It only took 30 years of talking about it, 5 years of construction, and $745 million, but the 3 Laval metro stations are finally opening to the public this weekend.
Will it be worth it? The stations will really only conveniently serve people in Laval-des-Rapides, and the cost of a monthly pass will be prohibitively high:
$750 million in new transit infrastructure spending would be spent more wisely elsewhere.
“No serious cost-benefit analysis would have given the Laval metro top priority,” he said. “Dorval would have come first” – meaning improved transit and road links between downtown and Trudeau airport in Dorval.
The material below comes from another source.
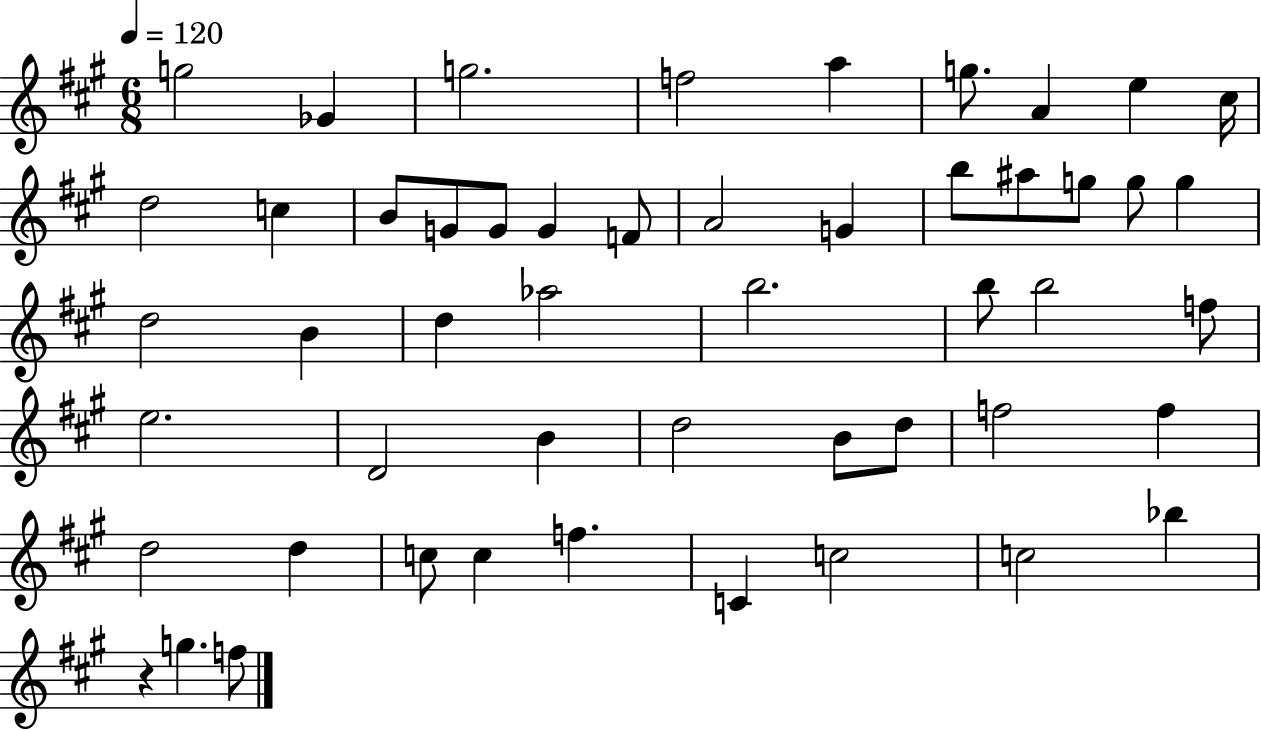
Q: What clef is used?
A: treble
Other higher priorities, by purely objective criteria, would have included improving mobility along the Metropolitan Expressway corridor or extending the metro’s Blue Line east to the Anjou area, Galella said.
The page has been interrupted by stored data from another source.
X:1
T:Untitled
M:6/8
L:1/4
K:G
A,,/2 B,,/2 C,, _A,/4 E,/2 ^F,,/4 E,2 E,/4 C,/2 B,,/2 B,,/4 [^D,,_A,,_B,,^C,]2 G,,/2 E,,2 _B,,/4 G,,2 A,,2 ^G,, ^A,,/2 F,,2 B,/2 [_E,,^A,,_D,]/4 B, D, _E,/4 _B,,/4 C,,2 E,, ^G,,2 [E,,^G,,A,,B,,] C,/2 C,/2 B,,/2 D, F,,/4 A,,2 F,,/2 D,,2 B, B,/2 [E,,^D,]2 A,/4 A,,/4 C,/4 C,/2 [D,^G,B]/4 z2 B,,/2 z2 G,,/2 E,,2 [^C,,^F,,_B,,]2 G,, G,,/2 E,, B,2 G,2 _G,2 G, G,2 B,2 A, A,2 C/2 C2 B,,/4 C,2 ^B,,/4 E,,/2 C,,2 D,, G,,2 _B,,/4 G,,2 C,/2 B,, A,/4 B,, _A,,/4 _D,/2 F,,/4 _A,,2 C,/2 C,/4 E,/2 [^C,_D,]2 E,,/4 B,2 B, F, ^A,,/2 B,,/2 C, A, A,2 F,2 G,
Still, it’s nice to finally see a project move from “Hell-Freezes-Over” status to complete, whatever its faults. Maybe this means there’s still hope for other projects, like finishing highway 30. Or fixing the potholes. Or even extending Cavendish. (Yeah, right!)
And what to say of the fact they “forgot” to calulate more than a kilometer of tunnel?
How can planners simply “forget” a whole kilometer of tunnel?
Subways work best where population is more dense. West of Decarie there isn’t any métro at all. Yet, how many people live in NDG, Mtl W., C.S.L., Hampstead compared to laval and what are the comparative population densities?
One almost gets the impression that these areas have no subway because the people living there don’t speak the right language.
One more thing, I live close to a station on the orange line. On the days I use it I sometimes have to let two trains pass before one arrives with some space. Now that Laval is linked, though, how many more trains will people “downstream” ( say at Métro Laurier) have to let pass before one shows up with even minimal standing room?
A very unwise use of funds, if you ask me.